Courtesy MSU Extension Service/ Gary Bachman
Some gardeners depend on the popular urban farming concept of vertical gardening not only to save space but to allow greater accessibility to their plants. As the growing season winds down in many parts of the country, consider if physical limitations kept you this year from the garden tasks you once enjoyed. If so, now’s the time to make plans for next year’s garden setup. Use these ideas offered at the 2010 Fall Flower and Garden Fest in Crystal Springs, Miss., to kick off your garden planning.
Gardens for Bad Backs
Many gardeners with back pain have taken their fair share of ibuprofen and have spent considerable time with the heating pad. Gardeners with back problems can aim to eliminate pain by raising a garden off the ground using a bench with a stepladder design. Placing window boxes on the steps allows you to water and harvest crops without bending over.
Gardeners using wheelchairs or scooters can implement a tabletop garden for a more accessible harvest. Grow vegetables or flowers in containers, and place the containers on a table at a height that allows you to wheel right up to your plants.

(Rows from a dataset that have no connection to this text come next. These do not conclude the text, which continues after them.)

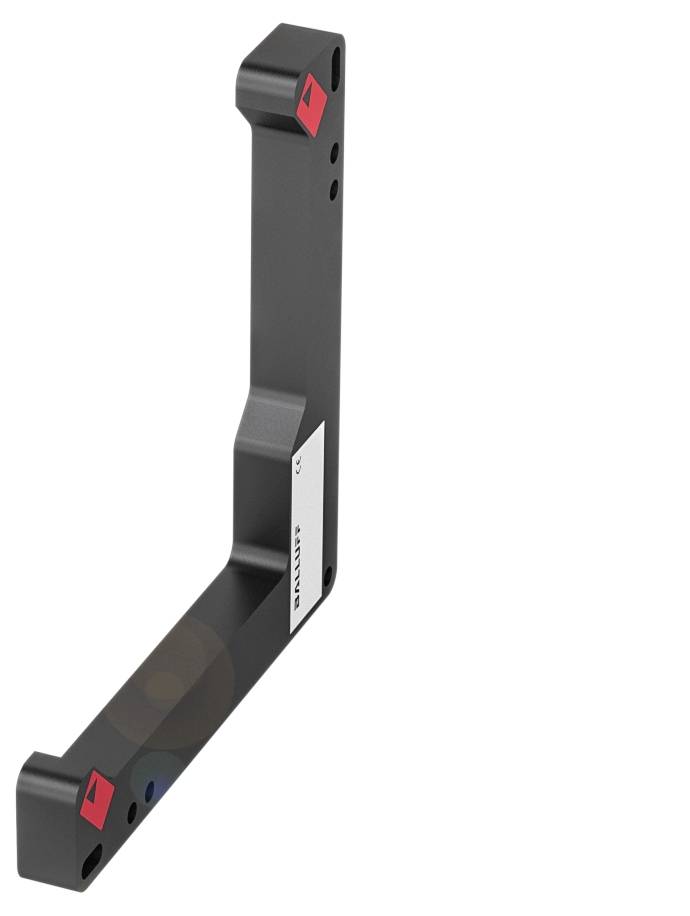 BALLUFF Winkellichtschranke - BWL001C, 1 St.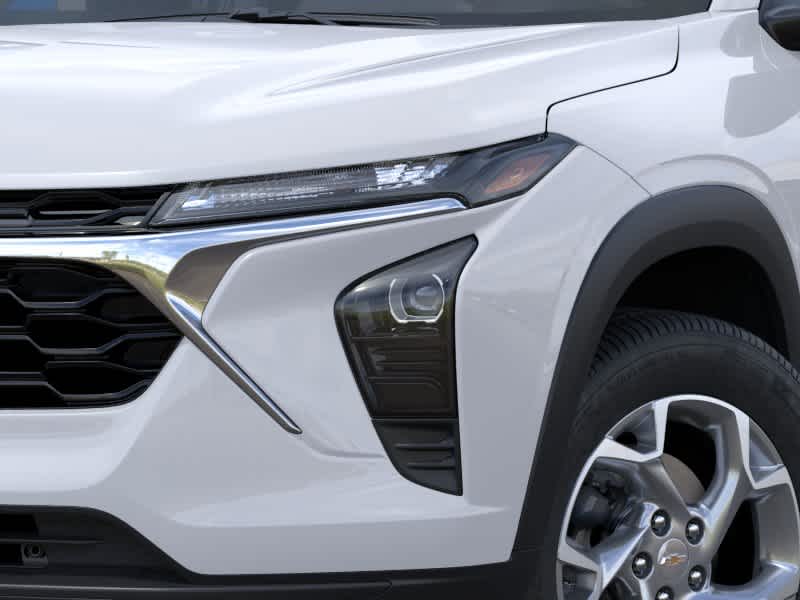 2026 Chevrolet Trax LS - Photo 10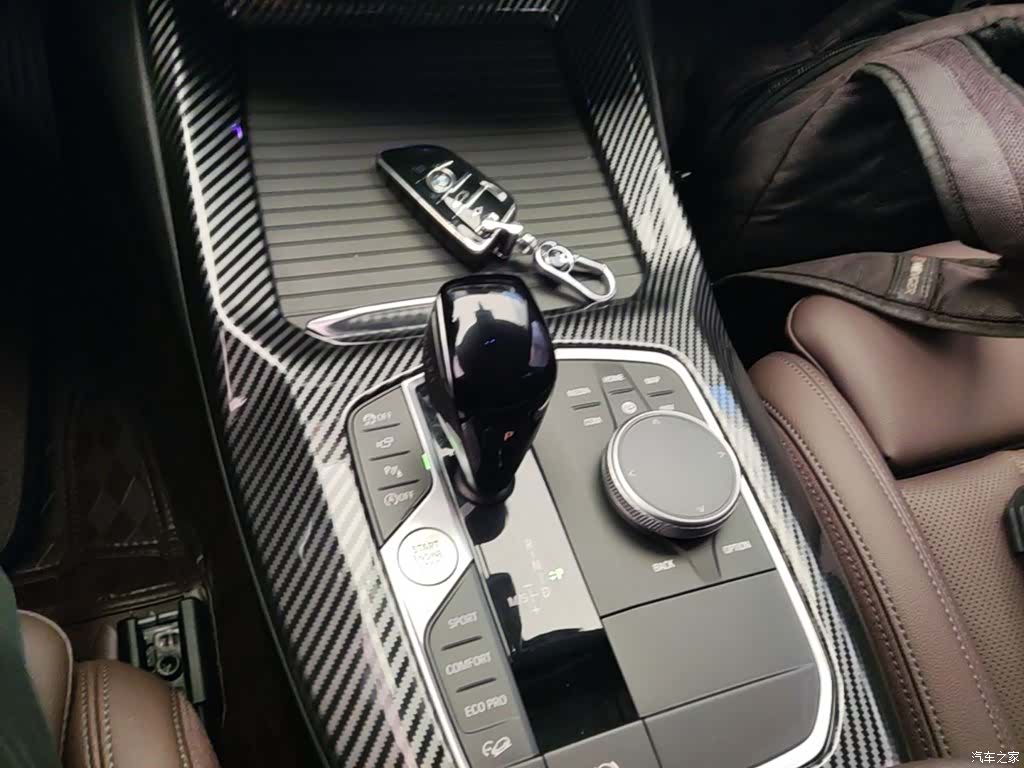 BMW X3, 2024 14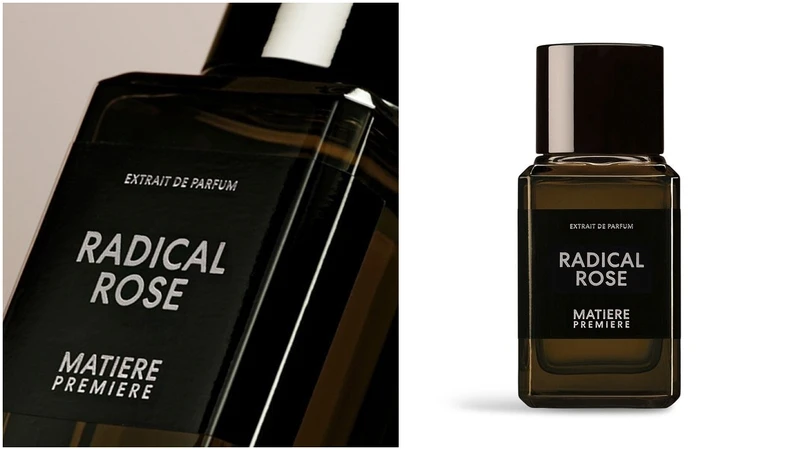 Matière Première 百葉薔薇香精(台灣2月上市) Matière Première 百葉薔薇香精(台灣2月上市)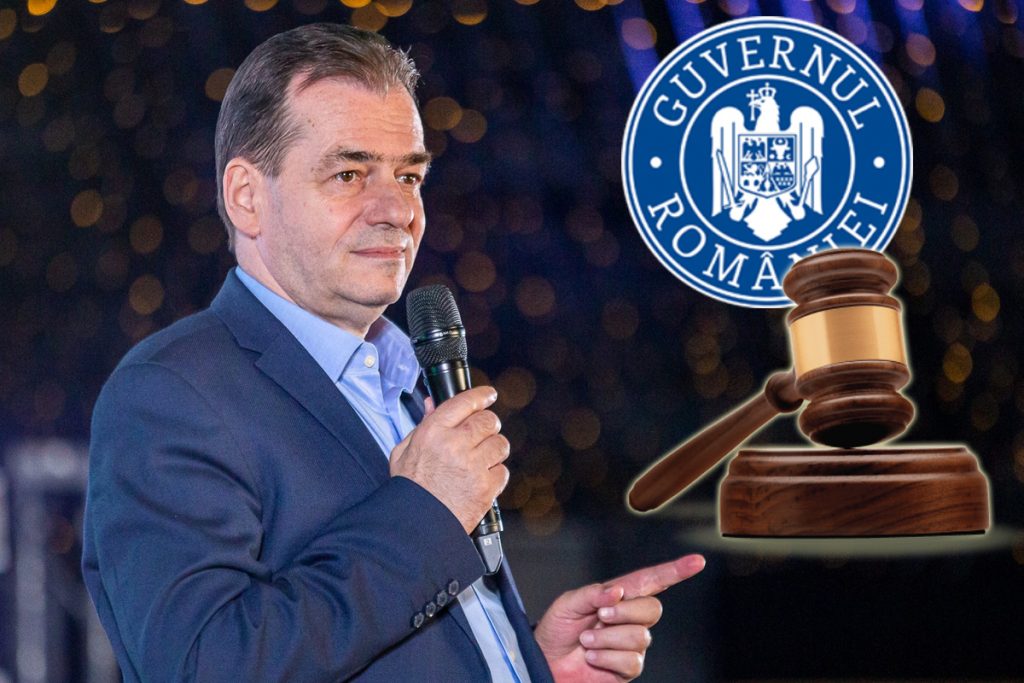 Ludovic Orban, lovitură neașteptată pentru Guvernul României. Motivul pentru care vrea să dea în judecată instituția. „Nu există atentat mai grav”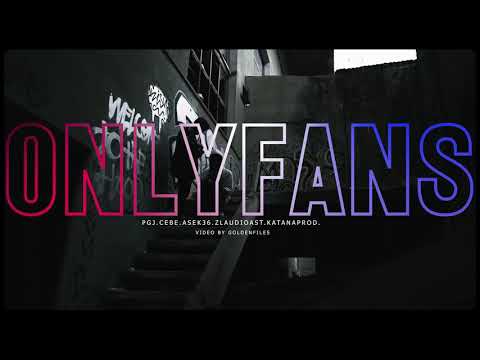 ONLYFANS - PGJ X CEBÈ X ASEK36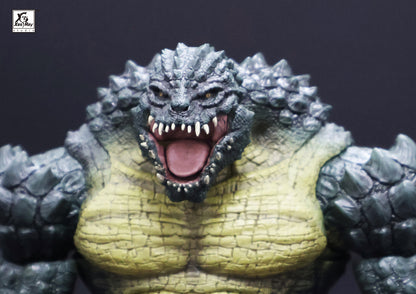 Combatants -Tukhoris - XesRay Studio 1/12 Action Figure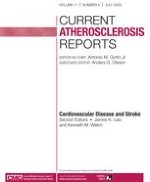 Current Atherosclerosis Reports 4/2009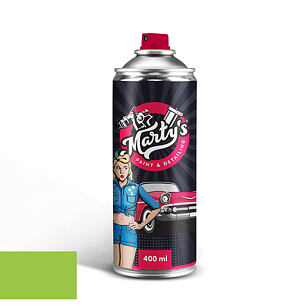 Barva na auto ve spreji Ford ZXS TRANSPORT COMP.-GRUEN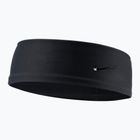 Kopfband Nike Dri-Fit Fury Elevate Dri-Fit Headband black/black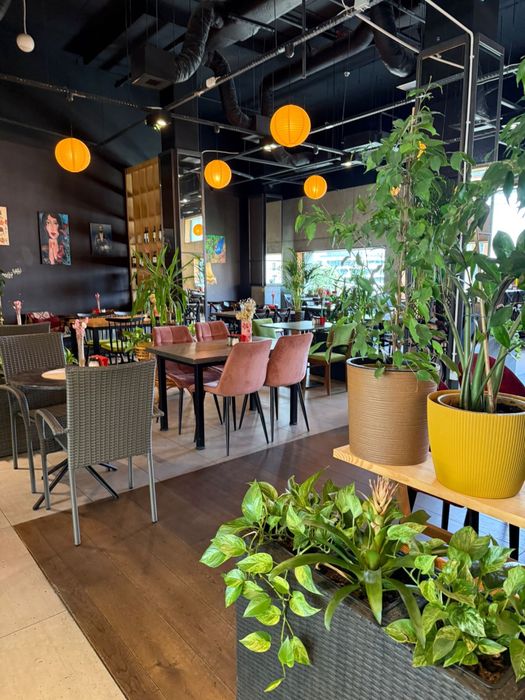 Odstąpię Działającą Restaurację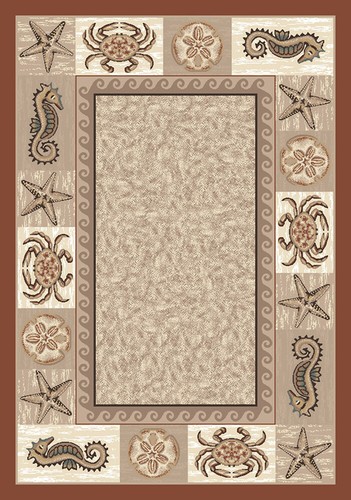 Milliken pink contemporary - milliken,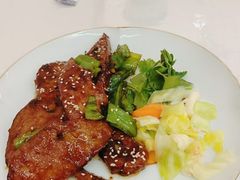 -白家餐厅(徐家汇店)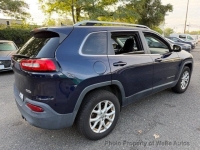 2015 Jeep Cherokee for sale in Riverhead, New York (ID-145414)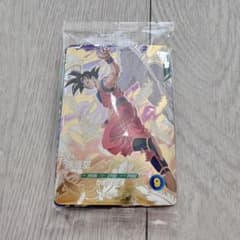 ドラゴンボールスーパーダイバーズ GDR SDVP-020 孫悟空（天使悟空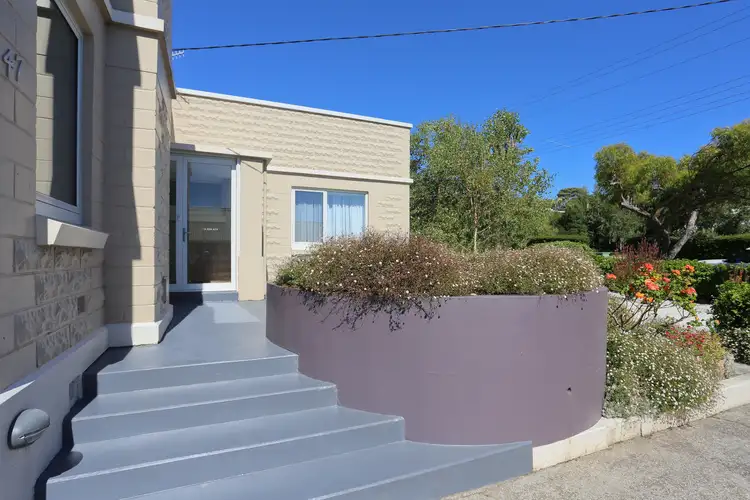 Second view of Homely house listing, 47 Murray Street, East Devonport TAS 7310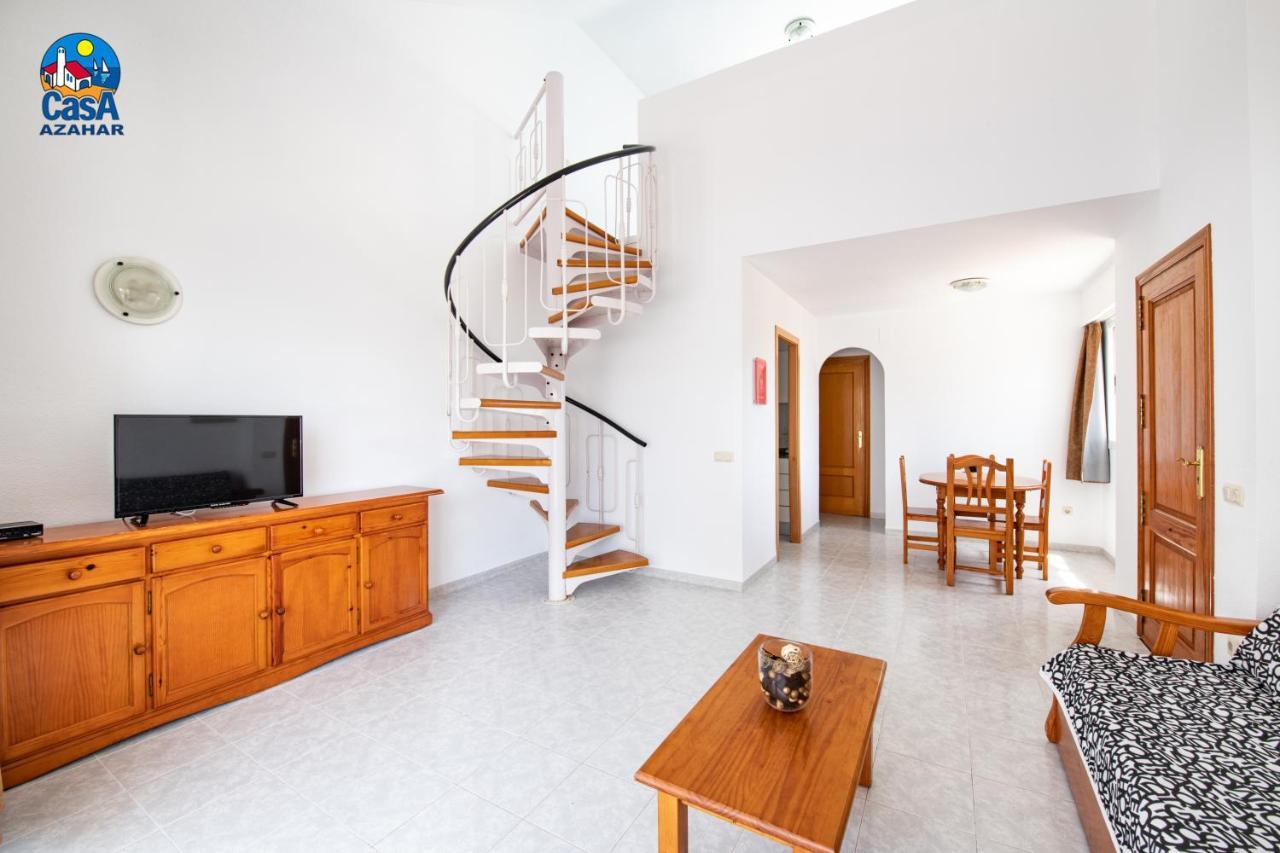 Residencial Al Andalus Casa Azahar Apartment Alcoceber Exterior photo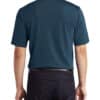 Custom Corporate Polo Shirt with Pocket Merchlist Add Your Design or Logo to Corporate Office Polo with Pocket for Company Logo 7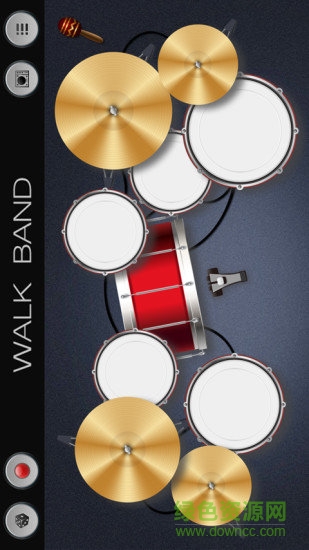 随身乐队无广告版 v7.3.6 安卓全乐器0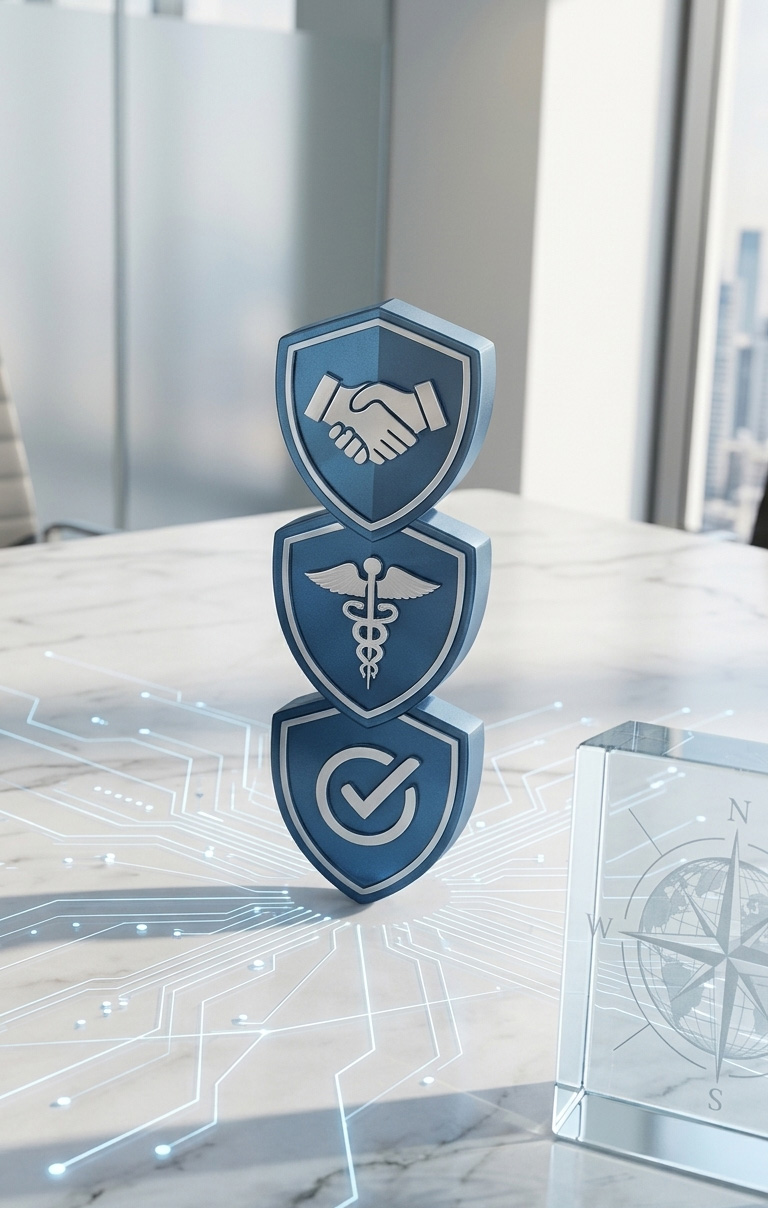 NileBridge Group protecting candidates from recruitment fraud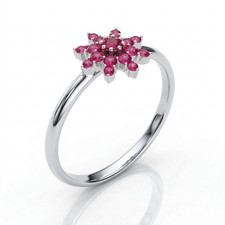 Anello regalo anniversario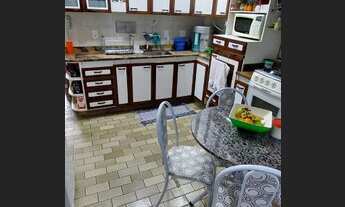 Imagem 6: Rua Miguel Lemos 3 Q com Garagem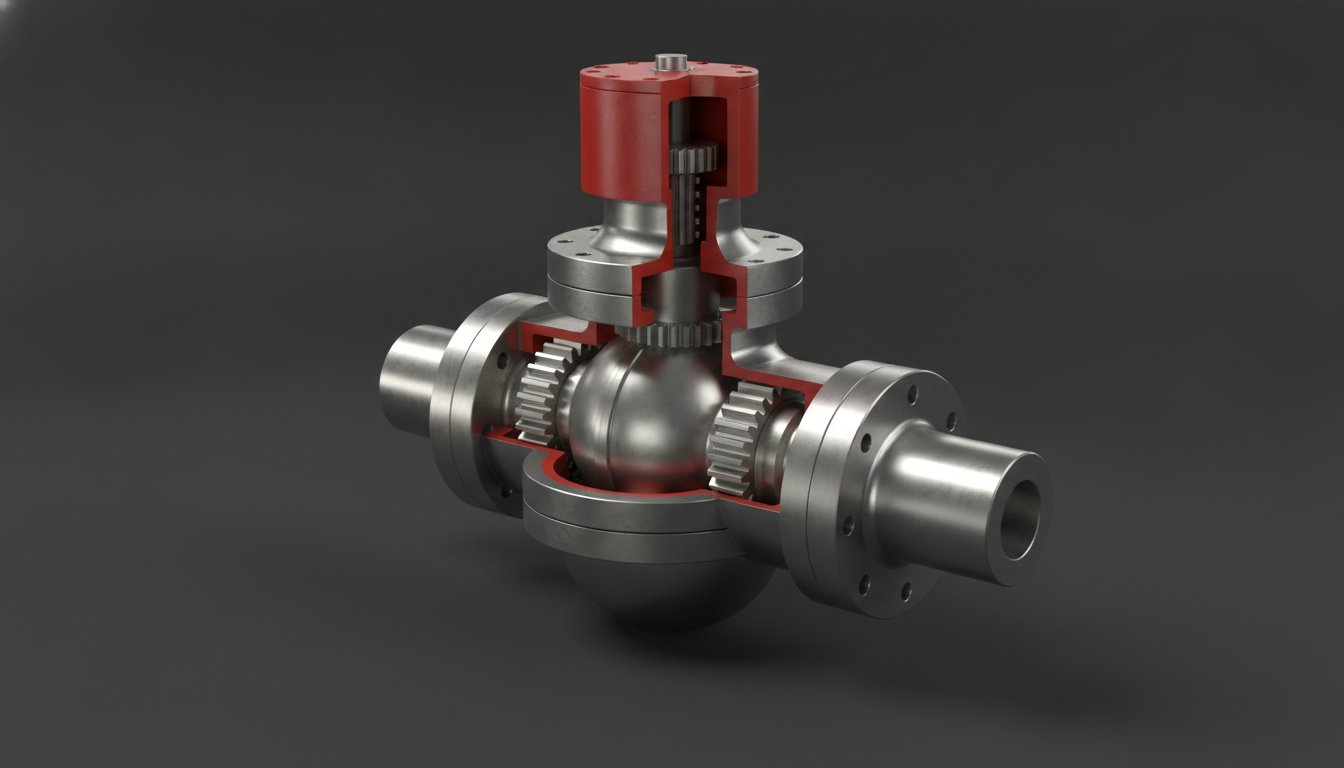 Corrosion Resistant Valve Materials: An Engineering Selection Guide (2026)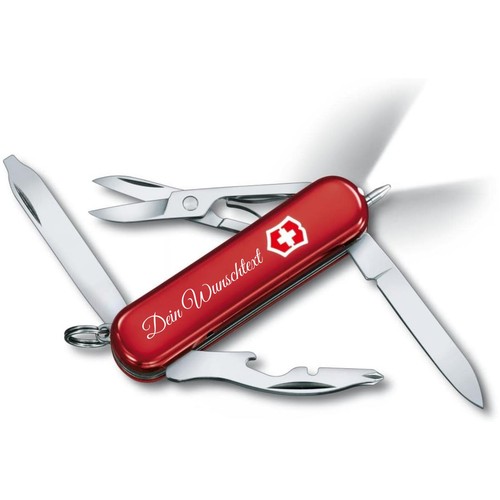 Victorinox taschenmesser - victorinox,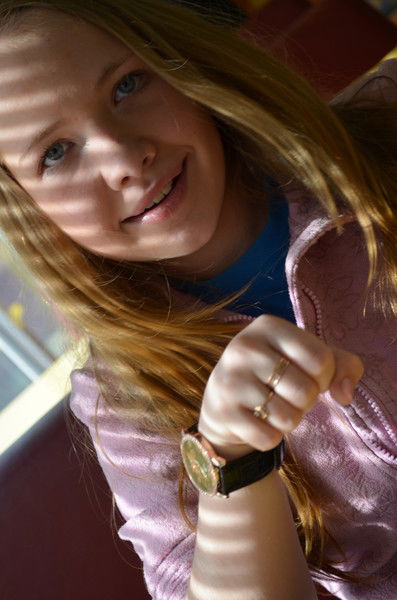 Настя Ситчихина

Gutter gardens for growing leaf lettuce are designed to be accessible for gardeners at any height. Simply attach sections of plastic gutter to a wooden fence. The staff at the Fall Flower and Garden Fest adapted this garden technique from commercial hydroponic vegetable growers who need to control the amount of water to their gardens.
Hay Bale Gardens
Sometimes raising a garden to an accessible level is as simple as giving it something to grow upon. A popular and simple vertical gardening medium is the hay bale. Lay a round bale of hay on its side and plant vegetables, such as lettuce or tomatoes, in the vertical side. This allows you to have easy accessibility from a standing or sitting position.